Don't pay! That's my advice to Auckland City councillors if the latest pro-super city report is all they're getting for the $410,000 bill from consultants, PricewaterhouseCoopers et al. Anyone looking for a reasoned argument in favour of radical reform to put before the Royal Commission on Auckland Governance will be disappointed. Instead we get a rewrite of the "Return to Year One" revolutionary thoughts, certain captains of industry have long been clamouring for, accompanied by a mix of slogans and wishful thinking.

Where there is an attempt to justify something, the supporting material is at times so politically one-sided, or plain wrong, it further devalues the whole document.

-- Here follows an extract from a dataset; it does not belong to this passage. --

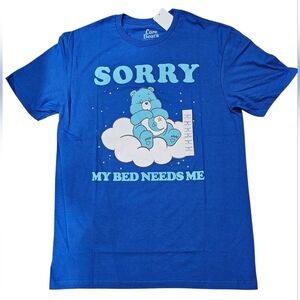 Care Bears Royal Blue 'Sorry My Bed Needs Me' Men's Medium Graphic Tee, New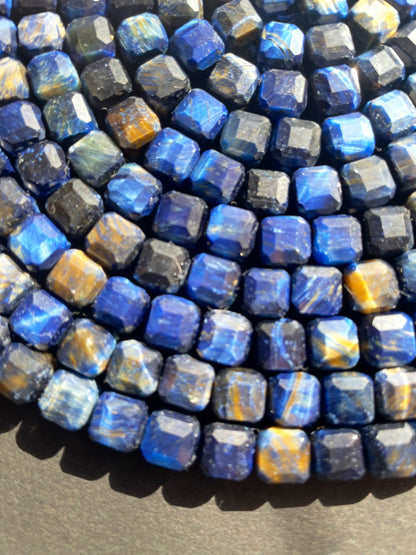 AAA Natural blue tiger eye gemstone bead. Faceted 8mm cube shape bead . Gorgeous royal blue color tiger eye gemstone. High quality bead !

For example, the authors use the waterfront stadium fiasco as a case for strong regional governance. Letting their prejudices hang out, the city bureaucrats complain that this "meritorious attempt" failed "because there was no single regional voice. In addition, the regional council's decisions were largely driven by its ownership interests rather than transport interests".

My memory is that we did have a regional voice on this occasion which thankfully said no thanks. And what's the dig on "ownership interests" about? Elsewhere, we're told the proposed reforms are needed to arrest declining public involvement in local decision making as evidenced by low turnout at the October 2007 elections. But turnout is declining all over the country, not just in the Auckland region.

Don't get me wrong. At a gut level I believe in the need for strengthened regional government, though not in the blitzkreig manner proposed by city hall. But before any major restructuring takes place, it does seems rather crucial to have the evidence to back the gut feeling. And there's nothing of this in the officers' report, just starry-eyed mantras.

"To address the region's issues and the vision to be an international city-region, a bold change to existing governance is required. Tinkering with current arrangements, as evidenced over the 19 years since the amalgamations, will not create the step change that the region and the country needs and deserves." Why not?

The one-city model proposed "has been developed through the integration of international best practice, local environment and experience and mechanisms to address the six key drivers necessary for success". Blah de blah. The key drivers referred too are yet another list of slogans about working together, thinking regional and so on and on. Rather scarily, in the small print, there's a hint that some hobby horses just can't be dispatched to the knacker's yard. In a chart describing "infrastructure delivery options" there's a reference to the "private sector" being involved in the delivery of water.

But getting back to the evidence. Or lack of it. Up until now, the case for regionalism has been more about faith than rational argument.

In limited areas, a convincing, evidence-based argument has been developed. Local arts and service organisations, for example, have made a persuasive case for a regional umbrella organisation to ensure equitable funding for organisations that serve the whole region.

Over the years, several expert studies have been prepared showing that amalgamating the water and wastewater services of the region into one integrated company would result in great savings. In 2002, a report commissioned by the region's councils calculated these savings at 20 per cent.

But there's not a shred of evidence presented to back the super-city dream. The report authors seem blissfully unaware - or have chosen to ignore - the only scientific analysis of the 1989 round of Auckland local government amalgamations. That's when Auckland's 29 local councils were reduced to seven. The study by University of Auckland Business School's Paul Rouse and Martin Putterill was published in 2005.

Professor Rouse told me in August last year that in 1989 he "believed amalgamation was a good thing". But his research, 15 years later, shows otherwise. He now believes in the need for a regional council as at present but is "unconvinced about the merits and accountability of amalgamating the existing territorial local authorities into an even bigger authority".

Amazingly, this study was the first and apparently the only one that has come up with hard evidence about the 1989 revolution. The Auckland City report is not evidence based, it's just opinion, flossied-up with charts to look authoritative.

I have faith that the commissioners will see this report for what it is - the opinions of power-hungry senior bureaucrats. If they want the facts, they're going to have to do their own research.